Work order: Copy, from the material below, each line that contains the word "woman".
(Beginning of Supplied entries)
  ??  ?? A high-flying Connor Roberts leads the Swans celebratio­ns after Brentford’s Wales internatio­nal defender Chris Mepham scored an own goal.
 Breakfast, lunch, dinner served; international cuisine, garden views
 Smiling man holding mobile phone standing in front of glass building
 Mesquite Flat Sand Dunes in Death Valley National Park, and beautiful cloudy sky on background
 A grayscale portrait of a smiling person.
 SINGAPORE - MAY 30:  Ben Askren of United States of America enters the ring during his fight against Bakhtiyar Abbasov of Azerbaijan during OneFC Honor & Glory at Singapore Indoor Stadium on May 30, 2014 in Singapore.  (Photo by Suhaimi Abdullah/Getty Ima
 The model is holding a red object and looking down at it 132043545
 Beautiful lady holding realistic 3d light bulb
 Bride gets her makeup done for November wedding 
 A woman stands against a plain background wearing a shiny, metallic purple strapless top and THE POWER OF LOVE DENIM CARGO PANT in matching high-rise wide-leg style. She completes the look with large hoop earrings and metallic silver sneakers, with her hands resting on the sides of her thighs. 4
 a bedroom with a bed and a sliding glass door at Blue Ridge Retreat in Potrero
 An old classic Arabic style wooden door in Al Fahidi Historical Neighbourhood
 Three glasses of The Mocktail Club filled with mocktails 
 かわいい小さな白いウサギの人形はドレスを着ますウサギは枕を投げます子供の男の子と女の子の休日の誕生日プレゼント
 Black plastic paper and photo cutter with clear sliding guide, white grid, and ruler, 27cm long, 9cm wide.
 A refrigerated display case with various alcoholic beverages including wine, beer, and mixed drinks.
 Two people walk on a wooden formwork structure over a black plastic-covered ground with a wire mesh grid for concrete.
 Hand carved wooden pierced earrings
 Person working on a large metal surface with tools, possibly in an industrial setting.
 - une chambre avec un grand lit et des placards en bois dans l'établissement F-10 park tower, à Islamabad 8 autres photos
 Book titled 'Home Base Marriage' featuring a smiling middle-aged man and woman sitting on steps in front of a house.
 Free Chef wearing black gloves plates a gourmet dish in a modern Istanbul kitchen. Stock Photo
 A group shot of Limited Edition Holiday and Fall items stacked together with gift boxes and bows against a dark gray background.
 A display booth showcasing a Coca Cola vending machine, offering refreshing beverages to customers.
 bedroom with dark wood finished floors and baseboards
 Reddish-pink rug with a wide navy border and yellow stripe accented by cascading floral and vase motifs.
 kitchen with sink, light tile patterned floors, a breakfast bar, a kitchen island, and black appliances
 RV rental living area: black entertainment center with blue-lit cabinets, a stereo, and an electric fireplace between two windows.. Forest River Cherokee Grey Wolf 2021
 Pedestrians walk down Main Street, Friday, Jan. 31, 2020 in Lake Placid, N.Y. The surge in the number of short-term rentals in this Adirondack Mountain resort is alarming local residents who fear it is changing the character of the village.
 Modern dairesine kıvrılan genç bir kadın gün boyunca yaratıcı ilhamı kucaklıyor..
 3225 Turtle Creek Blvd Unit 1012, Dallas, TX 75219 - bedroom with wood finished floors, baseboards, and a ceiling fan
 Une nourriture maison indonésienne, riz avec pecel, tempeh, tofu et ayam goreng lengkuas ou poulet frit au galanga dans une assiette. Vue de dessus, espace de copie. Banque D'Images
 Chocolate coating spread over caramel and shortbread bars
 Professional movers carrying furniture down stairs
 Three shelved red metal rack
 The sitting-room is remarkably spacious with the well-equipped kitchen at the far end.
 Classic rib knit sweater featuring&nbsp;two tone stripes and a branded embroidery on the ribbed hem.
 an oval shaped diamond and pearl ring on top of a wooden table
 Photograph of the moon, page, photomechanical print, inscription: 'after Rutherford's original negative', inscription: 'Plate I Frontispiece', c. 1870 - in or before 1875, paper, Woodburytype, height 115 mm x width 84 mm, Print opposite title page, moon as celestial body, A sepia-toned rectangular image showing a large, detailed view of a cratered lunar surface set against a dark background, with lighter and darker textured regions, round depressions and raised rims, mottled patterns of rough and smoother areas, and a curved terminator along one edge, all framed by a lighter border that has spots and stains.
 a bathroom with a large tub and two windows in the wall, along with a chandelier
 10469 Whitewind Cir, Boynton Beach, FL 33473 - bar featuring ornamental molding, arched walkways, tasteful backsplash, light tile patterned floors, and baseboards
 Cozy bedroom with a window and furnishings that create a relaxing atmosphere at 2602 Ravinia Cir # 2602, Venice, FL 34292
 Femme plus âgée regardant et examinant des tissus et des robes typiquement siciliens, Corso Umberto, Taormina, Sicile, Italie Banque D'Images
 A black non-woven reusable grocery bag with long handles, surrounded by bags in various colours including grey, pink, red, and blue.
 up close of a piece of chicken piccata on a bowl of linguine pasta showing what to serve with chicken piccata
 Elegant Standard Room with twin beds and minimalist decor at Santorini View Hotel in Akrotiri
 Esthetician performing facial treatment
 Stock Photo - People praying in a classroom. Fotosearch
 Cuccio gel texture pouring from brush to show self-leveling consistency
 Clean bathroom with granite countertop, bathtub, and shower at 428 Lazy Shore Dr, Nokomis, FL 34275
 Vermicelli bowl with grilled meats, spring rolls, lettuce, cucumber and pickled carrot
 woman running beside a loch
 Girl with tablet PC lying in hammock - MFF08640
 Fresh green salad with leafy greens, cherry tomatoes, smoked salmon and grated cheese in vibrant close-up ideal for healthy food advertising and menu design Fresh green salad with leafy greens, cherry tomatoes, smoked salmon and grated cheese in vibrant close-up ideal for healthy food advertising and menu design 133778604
(End of Supplied entries)
Answer box:
 A woman stands against a plain background wearing a shiny, metallic purple strapless top and THE POWER OF LOVE DENIM CARGO PANT in matching high-rise wide-leg style. She completes the look with large hoop earrings and metallic silver sneakers, with her hands resting on the sides of her thighs. 4
 Book titled 'Home Base Marriage' featuring a smiling middle-aged man and woman sitting on steps in front of a house.
 woman running beside a loch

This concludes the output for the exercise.